----- Given data -----

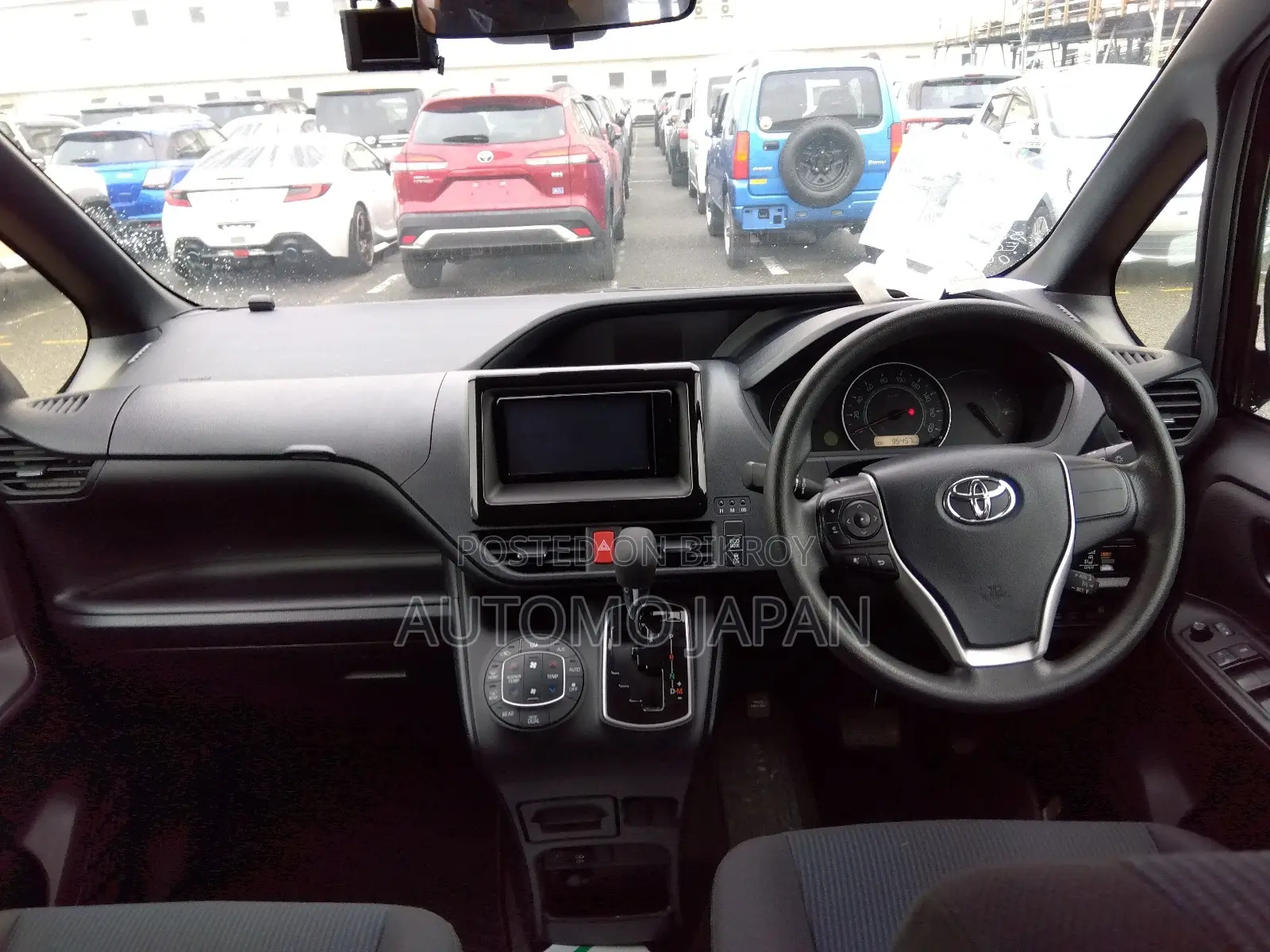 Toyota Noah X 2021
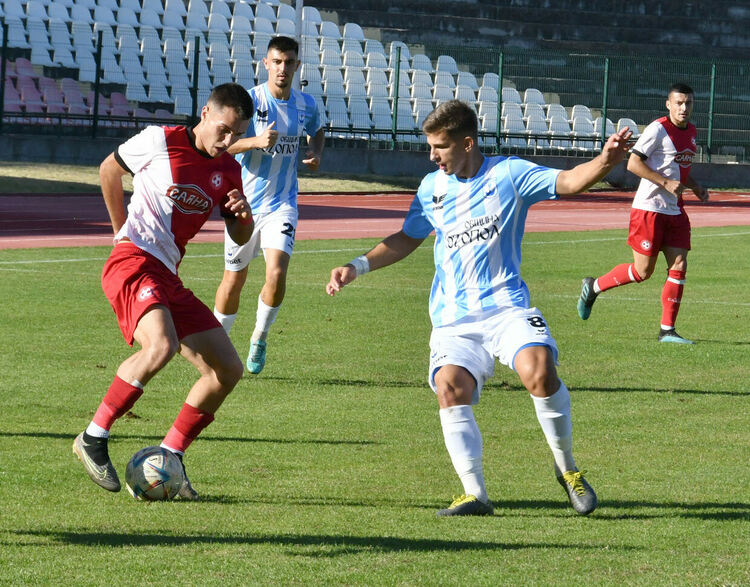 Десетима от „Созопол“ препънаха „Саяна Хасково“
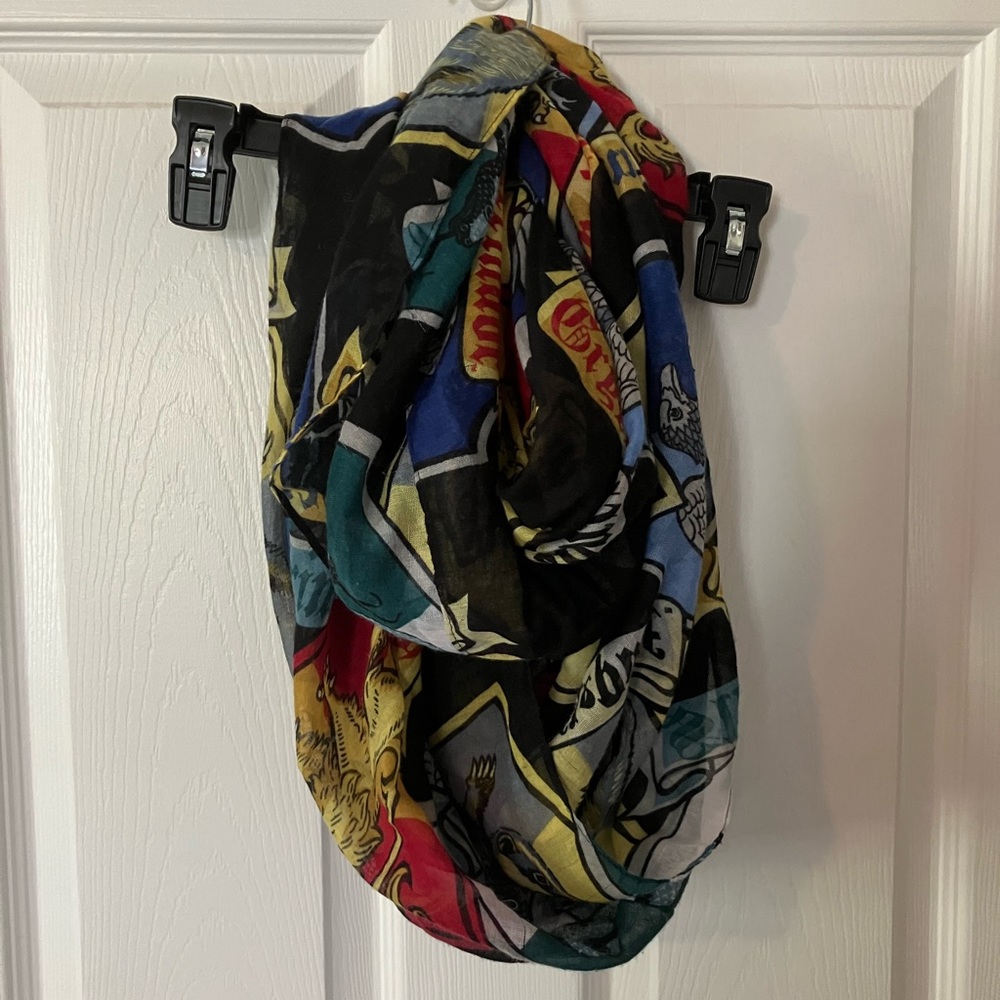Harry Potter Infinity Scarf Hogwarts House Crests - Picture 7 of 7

-----

**Task brief:** Repeat all of the listing above word for word, and exclude the pictures.

**Worked solution:**
 Toyota Noah X 2021
 Десетима от „Созопол“ препънаха „Саяна Хасково“
Harry Potter Infinity Scarf Hogwarts House Crests - Picture 7 of 7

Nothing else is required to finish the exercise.